If their performances at Tuesday’s Senate Hearing on Universal Service Fund Reform (USF) are any indication, I am definitely going to become a huge fan of Frosh Senators Claire McCaskill (D-MO) and Amy Klobauchar (D-MN). After listening to FCC Commissioner Deborah Tate (who chairs the Federal-State Joint Board on universal Service that oversees the Universal Service Fund) explain that USF reform has stalled because it has been impossible to get “consensus” from the industry “stakeholders,” Senator McCaskill said:
What you’re basically saying to us is the FCC is incapable of moving forward on reform unless all the people who are making money say it’s OK, and that’s hard for me to get my arms around.
Senator Klobuchar echoed similar incredulity and disbelief.
I hope these two maintain that sense of disbelief and outrage. Because the ideas espoused by Tate on the proper role of the FCC and Congress have become so embedded in telecom policy that even friends of the public interest take it as a given.

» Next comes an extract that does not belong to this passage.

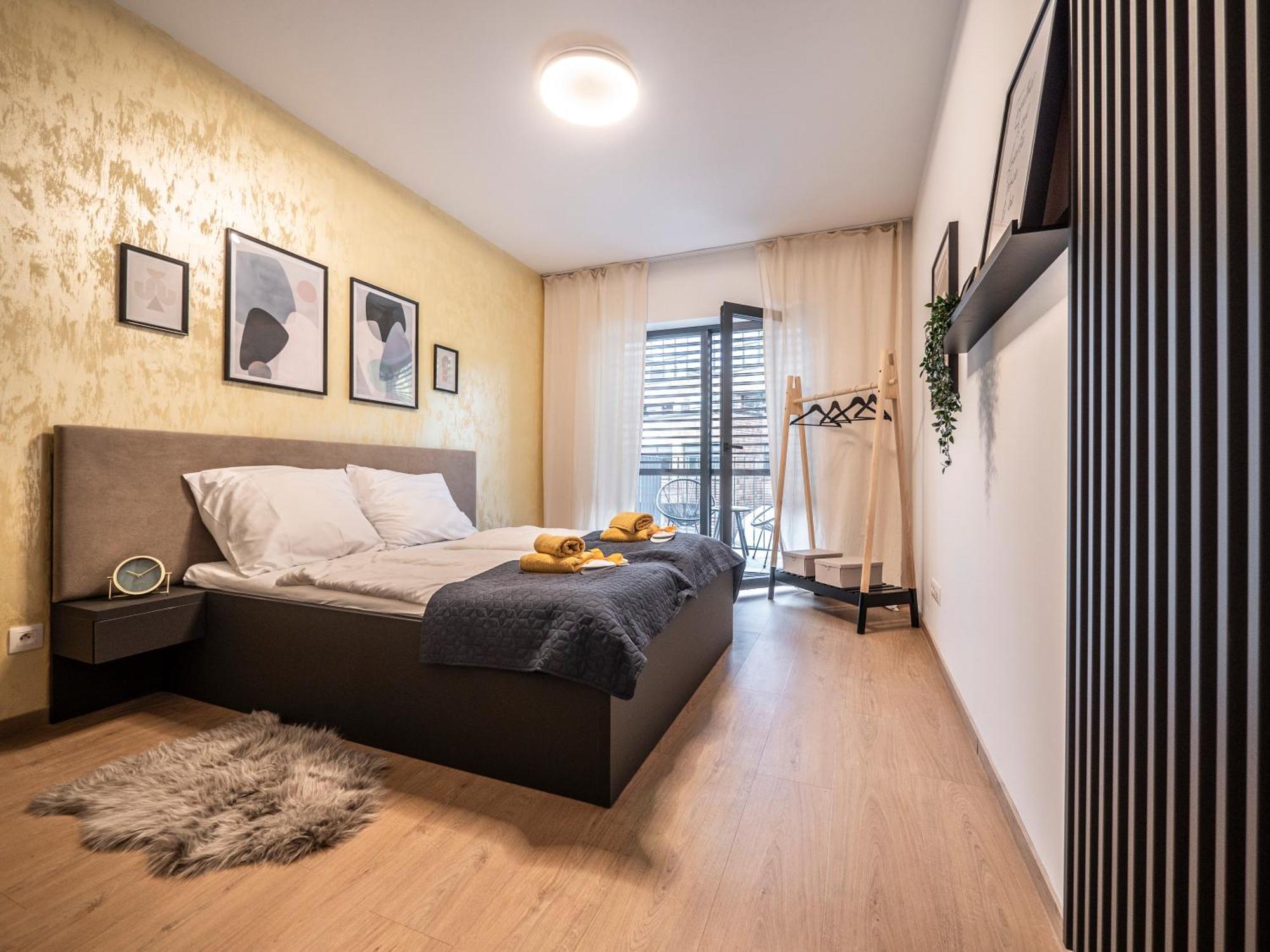 B10 Business Apartments Жилина Екстериор снимка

But hopefully, thanks to McCaskill, Klobuchar, and the other progressive “freshmen,” that may change.
More below . . .
Those of us that follow the FCC will tell you that this problem is not limited to USF reform. It has infected the FCC and Congress at every level, from staff who think their job is to “service” their industry “clients” to Commissioners who equate “the market” with “the public interest.” While this is not true of all staff or all Commissioners, it has become such a dominant meme that it effectively rules the agency. Unless there is a substantial “industry consensus,” the FCC isn’t interested.

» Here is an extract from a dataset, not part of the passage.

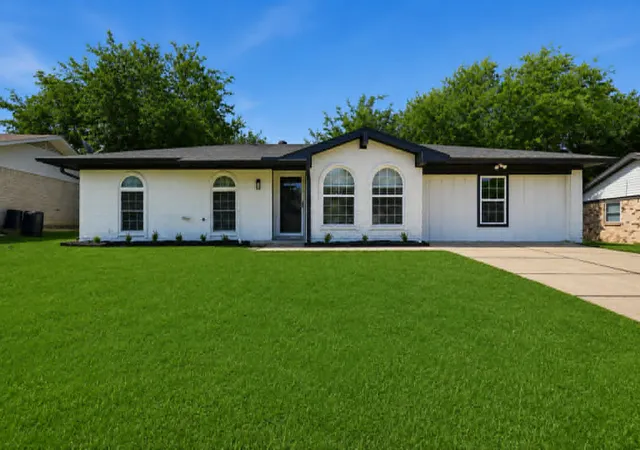 Photo 1 of Single family home for sale at 318 Ne Michael Dr, Burleson, TX 76028 | MLS# 21320670 | Listing updated on 2026-09-11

But the FCC didn’t get there on its own. 12 years of pounding by a Republican Congress and the DC Circuit on the virtues of the market and deregulation and the evils of “government interference” has created an agency culture where it is much easier to do anything if a sizable chunk of industry interests agree with the decision. Indeed, Congress has likewise shown that it regards its role as helping industry reach “consensus” on an “acceptable policy” rather than actually figuring out the best public policy and making it happen. As then-House Subcommittee Chair Fred upton (R-IL) told Multichannel News on April 3, 2006 in the context of moving last year’s attempt at comprehensive telecom reform: “[C]able and phone companies will endorse the bill. We are very close to getting their sign off.”
Because of course, the most critical thing for getting passage of a bill to overhaul our communications infrastructure if whether the companies that make money off it endorse the bill, right? Because Heaven forbid Congress should pass a telecom bill that didn’t have approval from the cable and telecom companies.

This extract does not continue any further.